Simichrome chrome polish is a favorite of many. mj


----------



## martybauer31

I chuck the rear axle into a dremel (make sure it is spinning the gears in the correct direction), pack in the simichrome and fire it up at a low rpm. Make sure to remove the motor brushes, and you don't really need the magnets in either as the dremel does all of the work. I'll repack the gears with simichrome a few times and then when it sounds like it has quieted down, I will finish it up with brasso. 

Doing this on top of following Bill's advice on gear clearance will get you a much faster car.


----------



## afxgns

Watch for the "gears" section of Fray car tuning.

The simi-chrome thing is going in the right direction.

Tim


----------



## Franko

Interesting thread. Shouldn't you run it *backwards* if powering from a dremel on the axle to get the gear tooth faces lapped right?


----------



## martybauer31

Like I said in my post....


martybauer31 said:


> I chuck the rear axle into a dremel (make sure it is spinning the gears in the *correct* direction)


----------



## Bill Hall

Franko said:


> Interesting thread. Shouldn't you run it *backwards* if powering from a dremel on the axle to get the gear tooth faces lapped right?


Both directions!...but finish in the forward direction. A smooth backlash makes for a smooth car when your off the juice.


----------



## [email protected]

Bill Hall said:


> Both directions!


Bill do you think that that is true of all HO cars including G3 type cars. thx mj


----------



## vaBcHRog

I run them both ways. For standard TJETS I have a Junk chassis with an extra lon axel. I chuck it up in my reversible drill add the semi chrome or mothers mag polish and let her rip in both directions.. I have a bowl with denatured alcohol that I place the top plate in and run the drill to clean everything up then hit it with some compressed air and I'm ready to go. For slim lines they are a different animal. I have a TJET plastc box lid with to posts epoxied to it so I can place the slim-line chassis in the box upside down and screw it in place. The posts are set to jusl lift the the gear plate off the bottom a hair. I then pour Brasso in the box even with the gear plate the hook up two alligator clips and let the slim-line run fro 10 mins in one direction the 10 mins in the other. When I am in a hurry with a slim-line I will put it on my break-in box and take a plastic cup with Brasso and a paint brush and add a little Brasso at a time to the gear plate.

Roger Corrie


----------



## Bill Hall

[email protected] said:


> Bill do you think that that is true of all HO cars including G3 type cars. thx mj


All things being somewhat relative IMHO; Smooth gear mesh in both load and unload conditions seems like the ticket to me whether its a modern inline or the venerable T-jet monkey motion.

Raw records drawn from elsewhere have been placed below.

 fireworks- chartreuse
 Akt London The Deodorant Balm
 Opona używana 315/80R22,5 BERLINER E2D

It's just like the ring and pinion in a big car where toothloading patterns are critical. Certainly the forces are smaller in slot cars but no less important. Nowadays in competition the highend guys are fighting for small fractions in lap times. It is truly a marvel from whence we've come. 

That being said the common theme seems to be that a smooth car with good throttle input manners trumps a twitchy rocket that is a chore to drive.

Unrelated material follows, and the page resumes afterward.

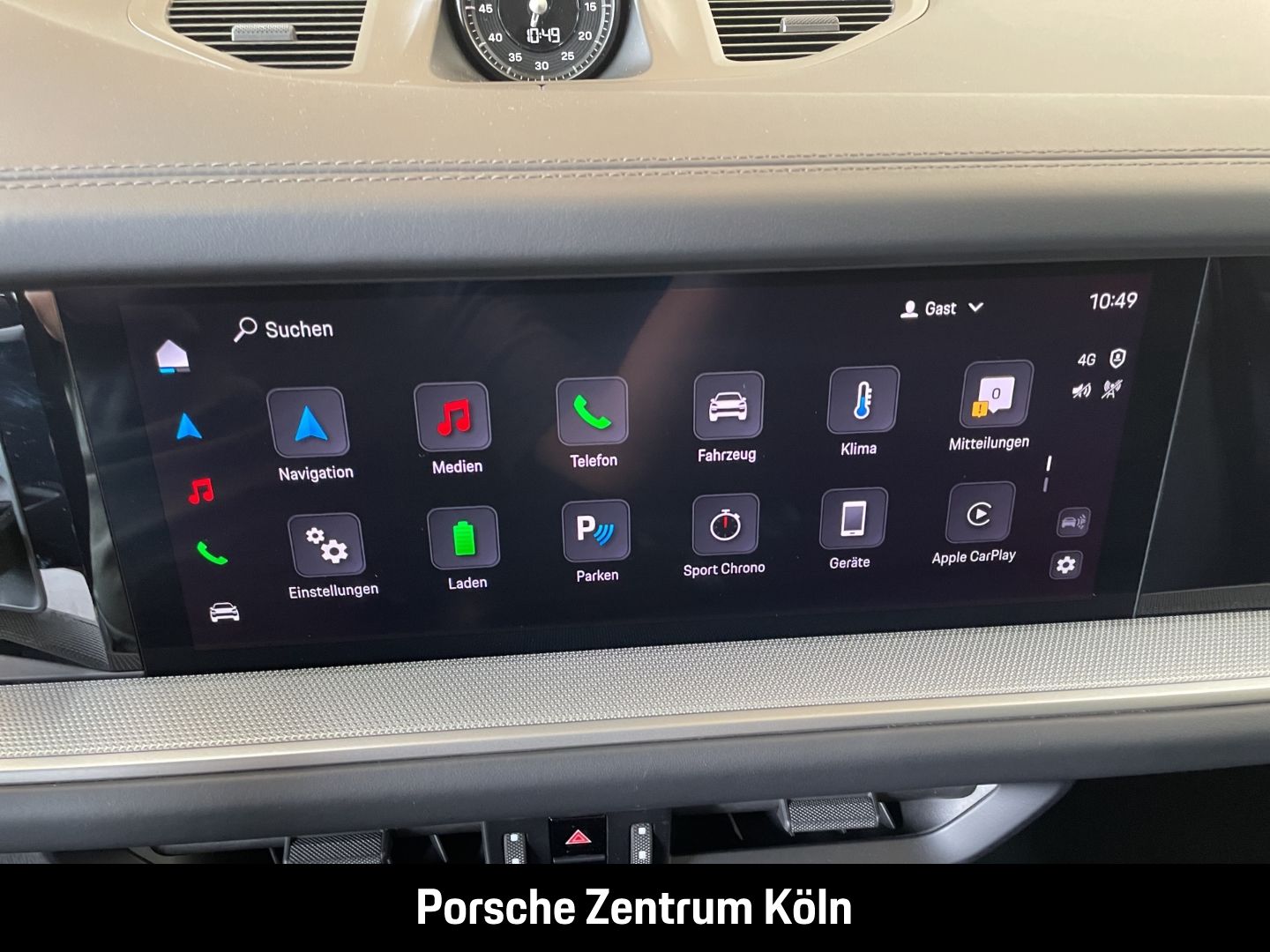 Porsche Cayenne E-Hybrid InnoDrive Head-Up BOSE PASM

The variables car setup are many. Comm pressure, motor magnet strength, down force relative to magnet strength and tire profile, pickup geometry and spring strength. All factors of friction to a simpleton like me. A fine line that can never be drawn in black and white. In other words some stuff works in certain combinations and some stuff just doesnt.

I feel gear mesh is more of a yes or no proposition. It's either right or wrong. As we do spend a certain amount of time off throttle the backlash should be addressed. The total smoothness of a car is a factor of how the geartrain responds in both load and unload condtions providing all the other setup variables are reasonably correct. 

Conversly, at some point, too much lap creates a scenario where the tooth contact points actualy slap or hammer against their mate. The tooth geometry is worn to the point that they are clubbing and not meshing smoothly. The clue here is visual to the naked eye, one gear moves excessively before the other engages. A trained ear can hear this on the test pack when other noises are not present.

Some folks consider gear selection tedious but is just a fact of life unless mated sets are purchased. I just keep trying till I get something that feels right and lap from there. No guarantees. I've got a few hundred gears for this and that, both used and new. As I go through the process they are sorted into simple piles - those that are fat/tight - those that are thin/loose - and of course the trash which is tossed immediatly. Ya just never know what's gonna work til ya get there. Cuz I'm old and blind it helps me to use the ole magnifiying glass to spot "tooth decay or irregularities so I dont waste time on a turd gear.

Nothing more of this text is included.